I've watched enough TV over the past few years to know that even the best shows aren't usually canceled too soon. Lost was a total mess for its last two seasons, with its time-traveling island and its generic good-vs.-evil, Shyamalan-esque finale. Rescue Me turned into 40-plus minutes of cheap one-liners and increasingly ludicrous, often rehashed plot twists after Chief Reilly killed himself early in season four. Even The Wire, widely regarded as one of—if not the—best TV shows ever made, had a relatively weak final season (that lengthy last episode montage, for example, is an overly-pedantic wrap-up to an otherwise amazing show). Still, there are those rare shows that never quite got their due, lost to poor ratings, excessive budgets or creative differences. So, in no particular order, my Top 5 Shows Canceled After Only One Season:
Both Buffy the Vampire Slayer and Angel were relatively easy hits for Joss Whedon—anything with vampires and sexy teens isn't a hard sell—but it was his space western Firefly that's become a true cult classic. Set in the year 2517, Firefly follows a group of mercenaries transporting contraband around a distant galaxy. There's great casting all around but Nathan Fillion really owns the role of Captain Malcolm Reynolds, an embittered "Browncoat" who fought on the losing side of a recent rebellion against the Alliance government. The show is a perfect blend of sci-fi and western—no aliens but plenty of political innuendo—and its post-cancellation success arguably bought Whedon enough Hollywood cred to move on to directing Hollywood blockbusters like The Avengers.

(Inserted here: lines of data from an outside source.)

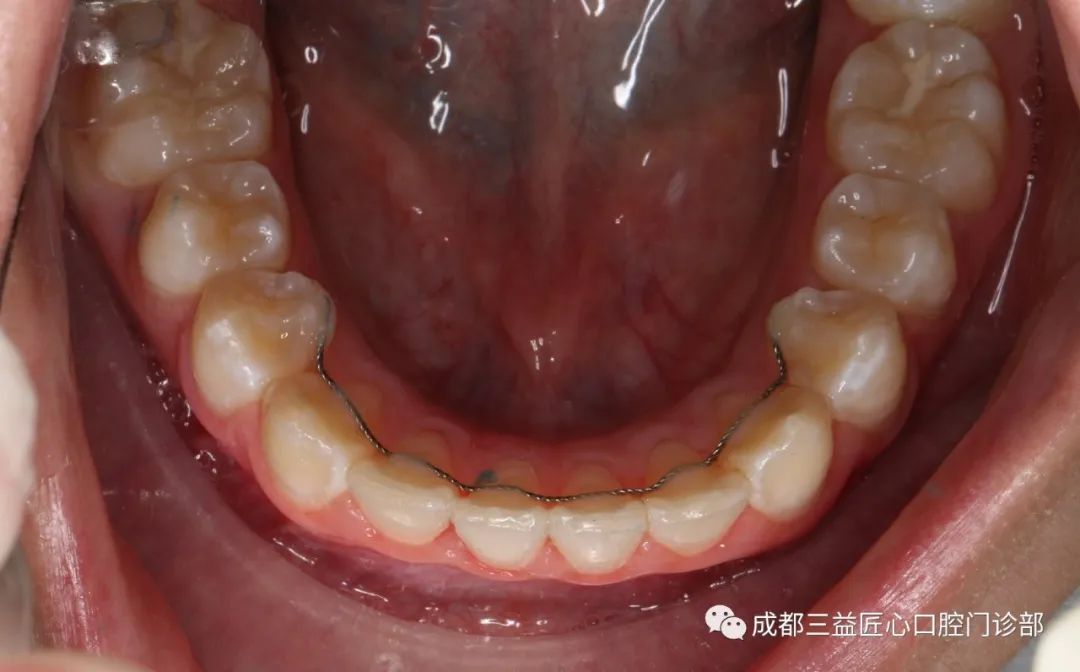 (圖片來自網絡)舌側絲保持器一般粘接在前牙的舌側而起固定作用.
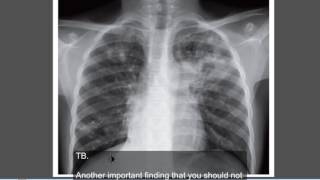 Tuberculosis Active TB  Chest x ray [upl. by Intirb]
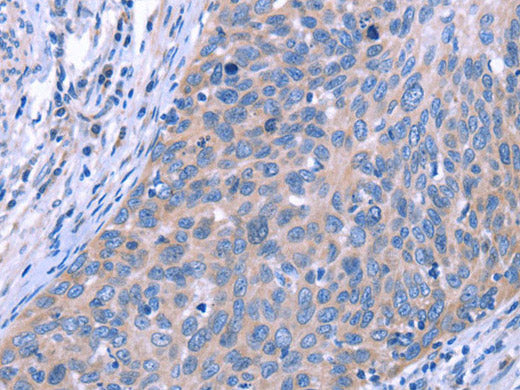 ESPL1 Polyclonal Antibody Store at -20°C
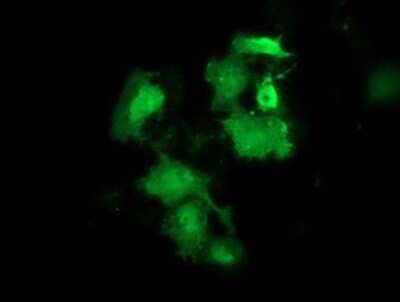 Immunocytochemistry/ Immunofluorescence: HSPB8/HSP22 Antibody (OTI1E3) [NBP2-02576]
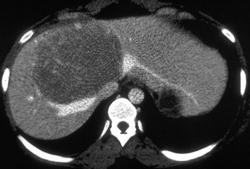 Atypical Hepatic Adenoma - CTisus CT Scan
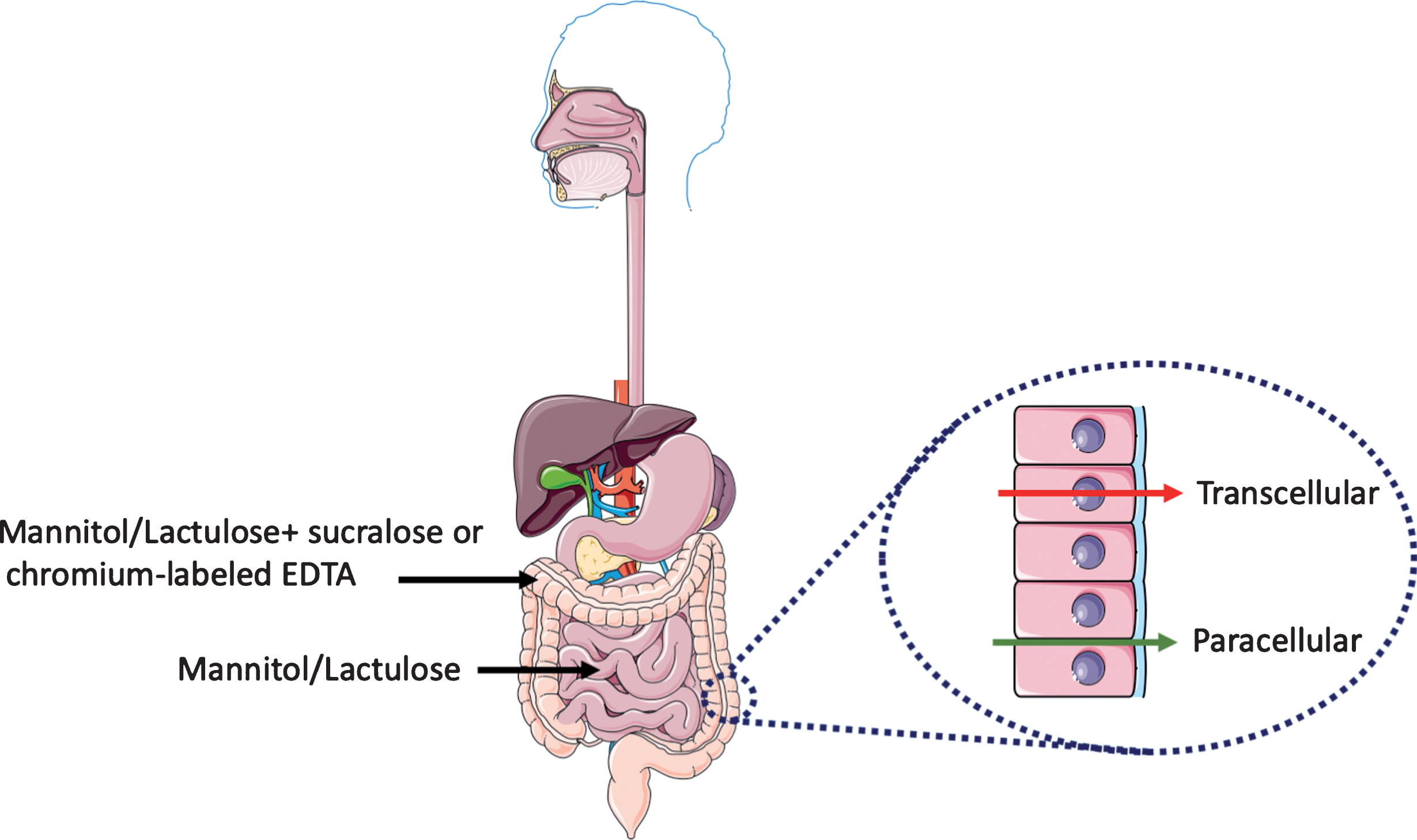 Evaluation of intestinal permeability. Urinary excretion of orally ingested non-metabolizable sugars of different sizes provides a reliable non-invasive in vivo read-out of intestinal barrier function. The mannitol/lactulose ratio evaluates the changes in permeability in the small intestine. Changes in the colon permeability is assessed with the addition of either sucralose or chromium-labeled EDTA. At the cellular level, there are two routes for transport of molecules and ions across the epithelium of the gut: across the plasma membrane of the epithelial cells (transcellular route) and across tight junctions between epithelial cells (paracellular route). This figure was created using Servier Medical Art, licensed under the Creative Commons Attribution 3.0 Unported License.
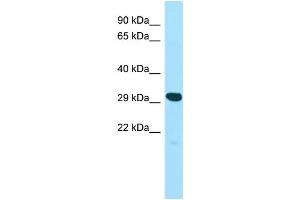 WB Suggested Anti-YIF1A Antibody Titration: 1. (YIF1A 抗体  (N-Term))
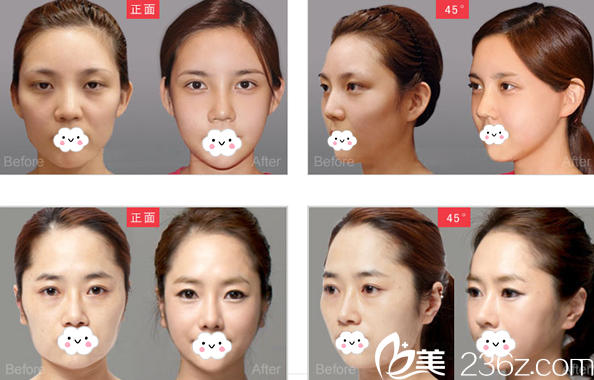 廣元美華整形美容醫(yī)院塑美案例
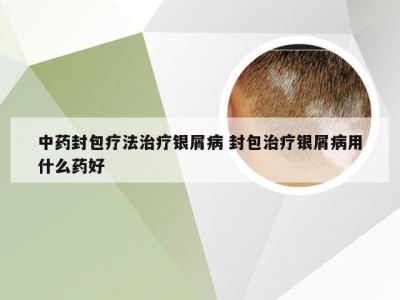 中药封包疗法治疗银屑病 封包治疗银屑病用什么药好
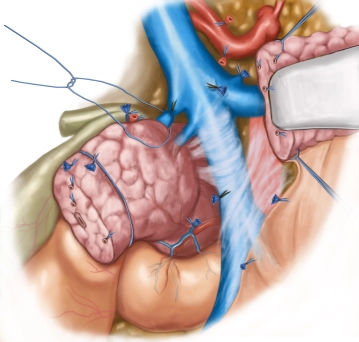 Detaching the pancreatic head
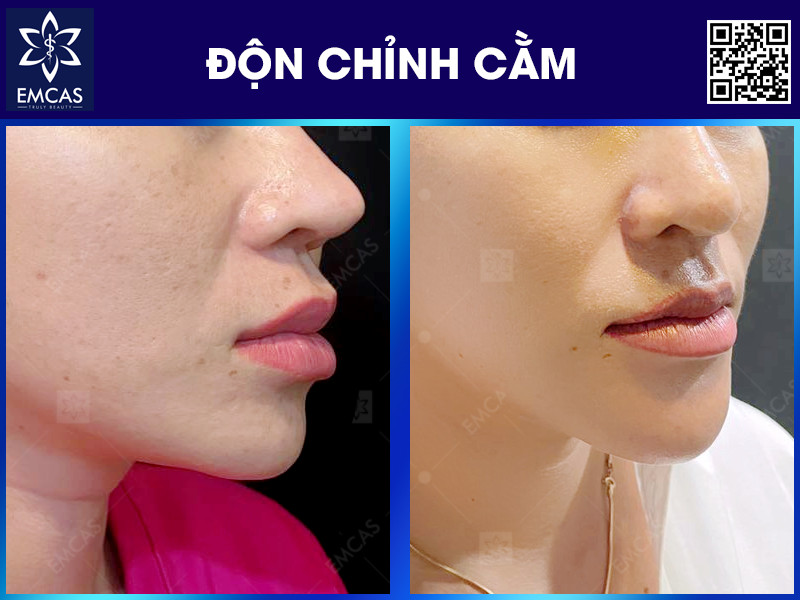 ĐỘN CHỈNH CẰM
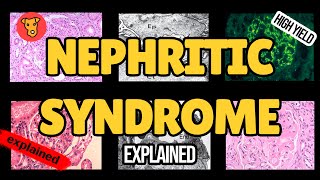 NEPHRITIC SYNDROME Pathogenesis of glomerular injury Mechanism of clinical symptoms USMLE Nephrology [upl. by Struve]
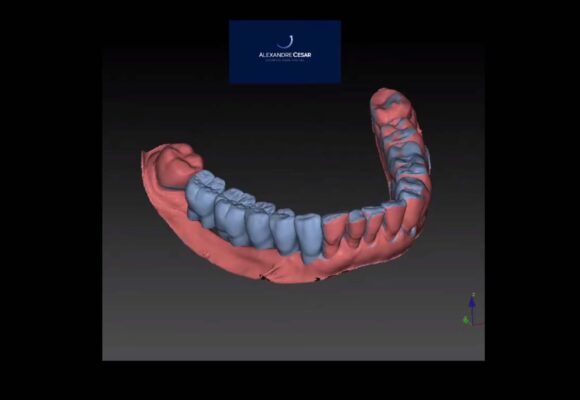 Guia Cirúrgico para Implantes Dentais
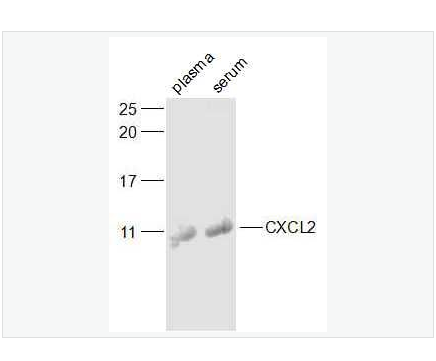 Anti-CXCL2/GRO Beta  antibody-巨噬细胞炎症蛋白2（ GRＯβ）抗体,CXCL2/GRO Beta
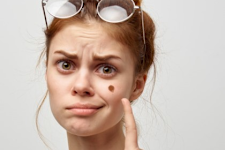 Do This Immediately if You Have Moles or Skin Tags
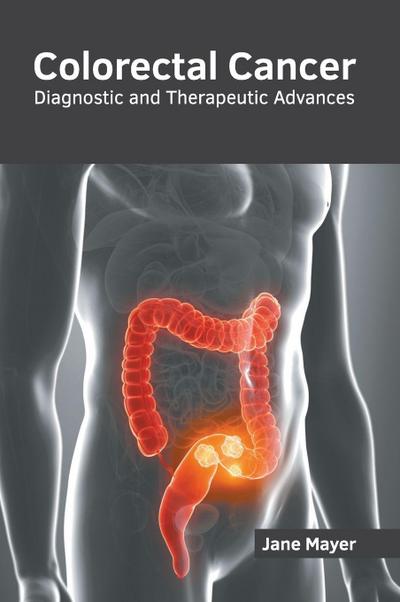 Colorectal Cancer: Diagnostic and Therapeutic Advances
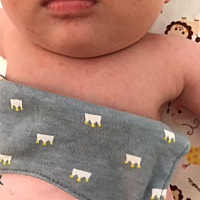 宝宝刚满一个月就长了奶藓（湿疹）脸颊、脖子上都是，这个可以用药吗？宝妈们都用过什么药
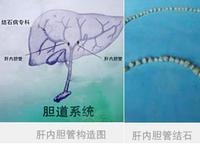 肝内胆管结石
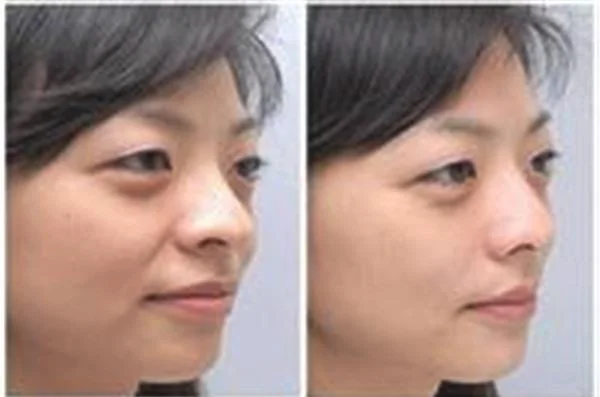 微晶磨削去法令纹不适合哪种人？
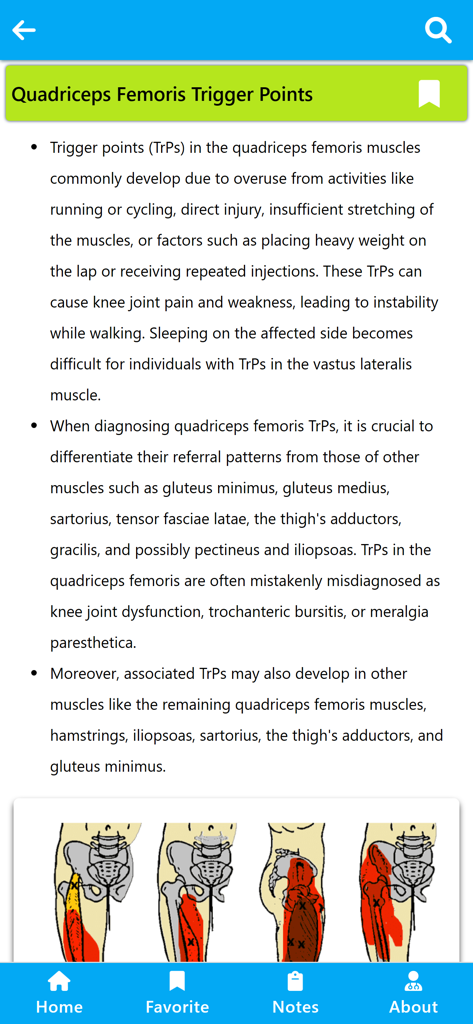 Physiotherapy Learning - Anatomische Diagramme und Informationen zu Triggerpunkten des M. quadriceps femoris in der Physiotherapie-Lern-App
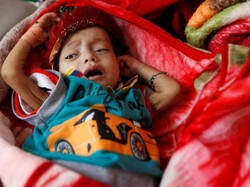 Mengenaskan! 5 Ribu Anak Tewas atau Terluka dalam Perang Yaman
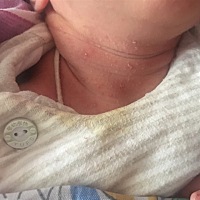 宝宝出生第7天，脸上，脖子上出现这种情况，求退去方法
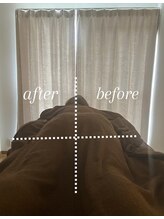 ベルファム(belle femme)/ビフォーアフター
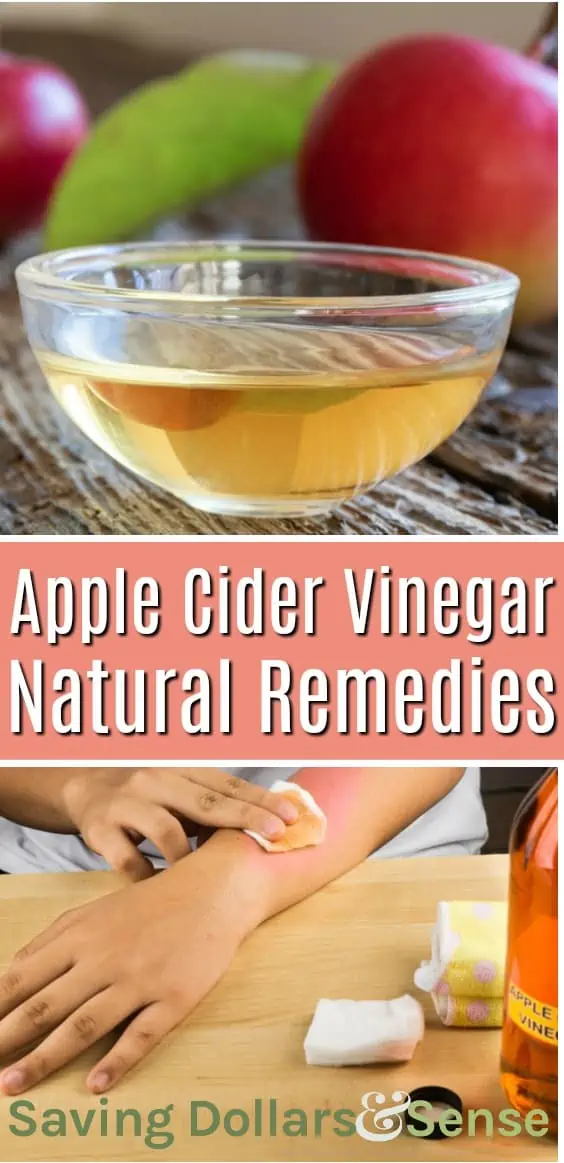 apple cider vinegar uses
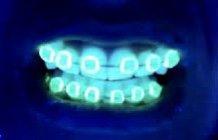 Glow-In-The-Dark Dental Braces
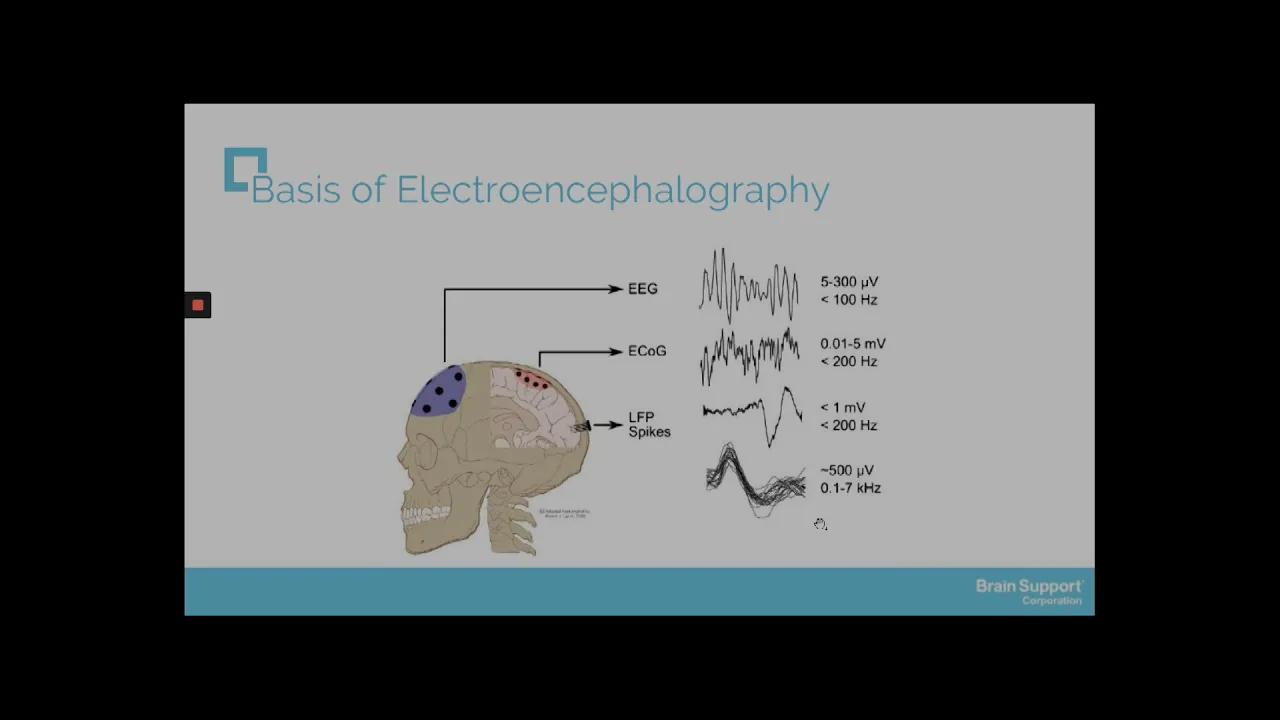Curso de Electroencefalografía | Módulo 1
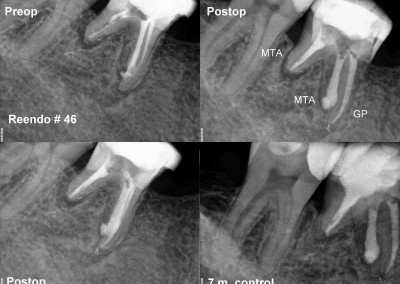 Ponowne leczenie kanałowe pod mikroskopem zęba 46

12.4 million viewers tuned in for The Walking Dead's season three finale back in March, a ratings record for AMC, a station that already needs a wheelbarrow to cart around all its awards for Mad Men and Breaking Bad. But Rubicon was the network's first flop. Premiering during the summer of 2010, Rubicon follows Will Travers (James Badge Dale), an intelligence analyst for a private consulting firm who discovers that he's working for a powerful cabal that manipulates world events for their own political and financial gain. Unfortunately, the show was too slow—all atmospherics and not enough plot progression—and by the time its final episodes aired its ratings had plummeted.
Freaks and Geeks
There's a Family Guy joke about One Tree Hill—and by extension every high school drama from Beverly Hills, 90210 to Dawson's Creek to Gossip Girl—about how absurdly serious such shows take themselves, but one show that actually managed to depict high school in all its awkward glory was Freaks and Geeks; it also happened to launch the careers of James Franco, Seth Rogan and Jason Segel, among others—no doubt the most impressive Look-At-Them-Now casting since Party of Five. Like Firefly, Freaks and Geeks has a huge cult following, and barely needs to be mentioned again on a list like this, except to remind NBC what a colossal mistake they made letting this show go. It's decisions like this that have left you scrounging for ratings, NBC.
Blame FX's terrible pre-launch ad campaign for the failure of Terriers, a superbly well-written and well-acted comedy-drama about two friends who team up as private investigators. Donal Logue plays Hank Dolworth, a newly sober ex-cop, devastated by his failed marriage, while Michael Raymond-James plays Britt Pollack, a petty criminal who Dolworth once busted, now turned straight for the love of a good woman. Logue and Raymond-James have some of the best on-screen chemistry I've seen in recent years, and the whole show manages to avoid the schmaltzy pitfalls of typical buddy cup comedies. Too bad audiences mistook Terriers for an Animal Planet special about dog groomers.
While the other four shows on this list were canceled outright during their first seasons, Luck was actually renewed for a second season before the show had even properly debuted. David Milch, eager to prove something after John From Cincinnati totally bombed a few years before, returned to HBO in the winter of 2012 with Luck, an all-around fantastically put-together show about horse racing and casino gambling, starring Dustin Hoffman, Nick Nolte and Dennis Farina. Unfortunately, after several on-set horse deaths, Milch and HBO—at the behest of PETA and other animal rights organizations—agreed to cancel Luck, ending a show that would have one day ranked up there with The Sopranos, The Wire and Breaking Bad.